Comment 1: The debate in these cases seems almost metaphysical. Why not recognize admitted wrongful conduct as a tort? What’s the harm? But, as suggested, there may be future harm as a more nebulous kind of “grab bag” tort is stretched to cover behavior that does not amount to truly egregious self serving conduct and simply amounts to exercise of poor economic judgment. When one is doing no more than trying to protect one’s own desperate credit position in the face of incipient failure of a major debtor, there ought to be some discretion permitted. In fact, digging into the debtor to improve one’s security position, even when there may be no hope of the debtor’s economic recovery, probably is good banking following the bad judgment. In the end, the court stated a rather sweeping conclusion:
“The wilful and malicious lending of money is not a tort in Texas and likely will not be recognized as one anytime soon through a theory of deepening insolvency. To maintain a cause of action against a lender under such a theory, the complaint must show that the lender took over control of the operations of the debtor and then breached its fiduciary duties.”
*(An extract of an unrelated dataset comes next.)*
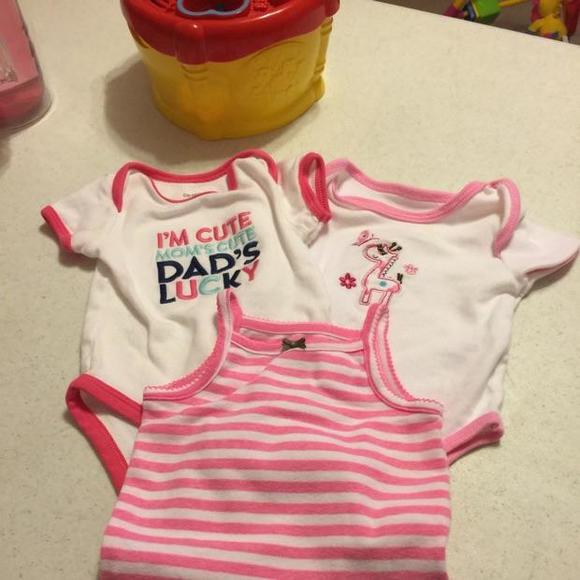 Set of 3 onesies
Comment 2: The editor has commented before in these reports that the new phenomenon in commercial loan securitization of the high risk securitized investors (the “B Piece” holders) becoming special servicers on their own securitzed packages may lead to interesting lender decisions to prolong the life of a dying borrower so as to create revenues or move assets that slop over to the B Piece holder’s trough. It will be interesting to see whether the deepening indebtedness tort will reach these servicers.
Comment 3: How different is this theory from the “predatory servicing” claims that we are seeing in residential lending? Normally, there is a different plaintiff - the gulled borrower instead of the foxed unsecured creditors. And isn’t this a significant difference? If the borrower still has, in fact, a form of free will morally and intellectually, even if its choices are all gloomy, should those who benefit from the borrower’s last flailings have a duty to dodge the money thrown at them?